La guerra con gli occhi dei più piccoli, arriva l’esordio alla regia di Claudio Bisio con L’ultima volta che siamo stati bambini

Per loro tutto è gioco, combattono in cortile una fantasiosa guerra fatta di missioni avventurose ed eroismi, poi però fanno patti “di sputo” e non “di sangue” per paura di tagliarsi. Ma il 16 ottobre il ragazzino ebreo viene portato via dai tedeschi insieme a oltre mille persone del Ghetto. Grazie al padre Federale di Italo, i tre amici credono di sapere dov’è e, per onorare il “patto di sputo”, decidono di partire in segreto per convincere i tedeschi a liberare il loro amico. L’ennesima missione fantasiosa entra nella realtà, i tre bambini viaggiano soli in un’Italia stremata dalla guerra, fra soldati allo sbando, disertori, truppe di tedeschi occupanti, popolazioni provate e affamate…

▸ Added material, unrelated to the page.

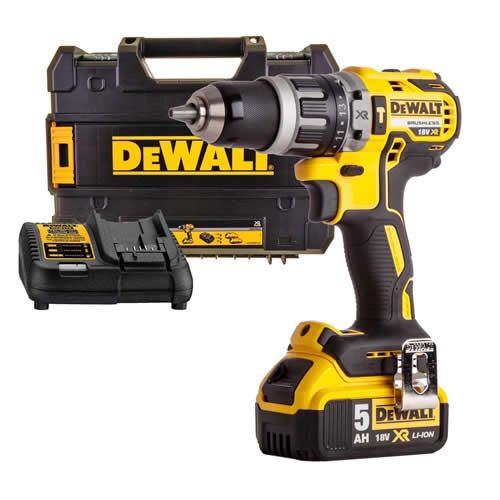 Акумулаторен Безчетков Винтоверт DeWALT DCD796P1 18V Комплект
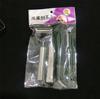 Utensilio de cocina de acero inoxidable multifunción, cepillo, cuchillo para fruta, cepillo, pelador, pinza para pelo de pato, juego de tres piezas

In sala con Medusa Film in occasione degli 80 anni dal rastrellamento del Ghetto di Roma, L’ultima volta che siamo stati bambini segna l’esordio dietro la macchina da presa di Claudio Bisio. «Quando nei primissimi mesi del 2019 ho letto il libro di Fabio Bartolomei, ho sorriso e pianto. Quella era una storia importante e racchiudeva una combinazione di emozioni non facili da tenere in equilibrio, ma l’autore ci era riuscito in modo meraviglioso – le sue parole -. Mi sono quindi chiesto: si può raccontare l’orrore senza mai mostrarlo? E lo si può narrare attraverso lo sguardo disincantato e inconsapevole di tre bambini di nove anni?». Come testimoniato dal film, la risposta è naturalmente sì, con il mondo visto con gli occhi di un gruppo di bambini: «Questo è il film. Il cuore di questo racconto è rappresentato dai bambini, dal loro agire, dalle loro parole e pensieri che imprimono alla storia un tono leggero e ironico. Buffo, malgrado tutto, perché in realtà loro sono serissimi».